Along with her backup band Union Station, Krauss released two more albums over the course of the late '80s and early '90s. 1990's I've Got That Old Feeling, won Krauss her first Grammy Award for Best Original Bluegrass Recording and would be the first one to hit the Billboard charts and peaked at No. 27. After a series of albums like Every Time You Say Goodbye and I know Who Holds Tomorrow, Krauss' runaway hit came in 1995 with the compilation, Now That I've Found You: A Collection. The record hit No. 2 on the country music charts and was be certified platinum. Krauss' unique take on bluegrass was just the boost the genre needed.
After the surprising success of Now That I've Found You, Krauss and Union Station would release two more albums over the course of the '90s, including So Long, So Wrong, and Forget About It. In the early 2000s, Krauss and her group would begin to reach new audiences when they collaborated with a series of artists on the soundtrack of the film, O Brother, Where Art Thou? The ensuing tour would bring Krauss to thousands of new listeners around the country and the group's celebrity would continue to grow.

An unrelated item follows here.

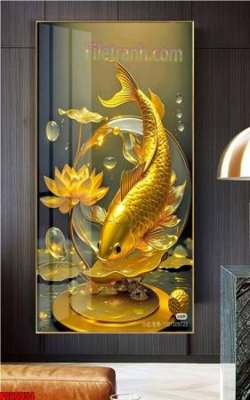 Tệp tin gốc File tranh phật giáo 5D PG20054 (dùng cho in ấn) chuyên nghiệp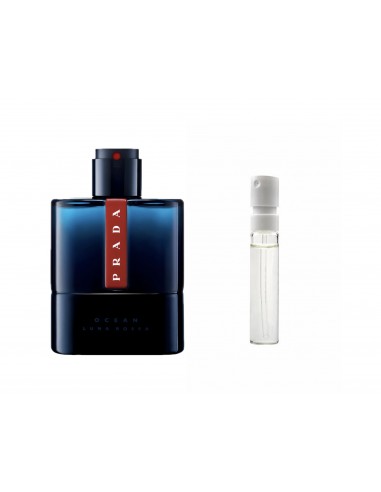 Decant - Prada Luna Rossa Ocean 5 ml EDT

Krauss and her band released a series of albums over the course of the 2000s, but finally scored a major chart riser in 2004 with Lonely Runs Both Ways. The album would hit No. 29 on the Billboard 200 albums chart, but was overshadowed by another commercial success, A Hundred Miles or More: A Compilation, which would reach No. 10. In 2011, Krauss and Union Station released Paper Airplane, which climbed all the way to No. 3 on the charts and solidified Krauss as one of the most important voices in American music.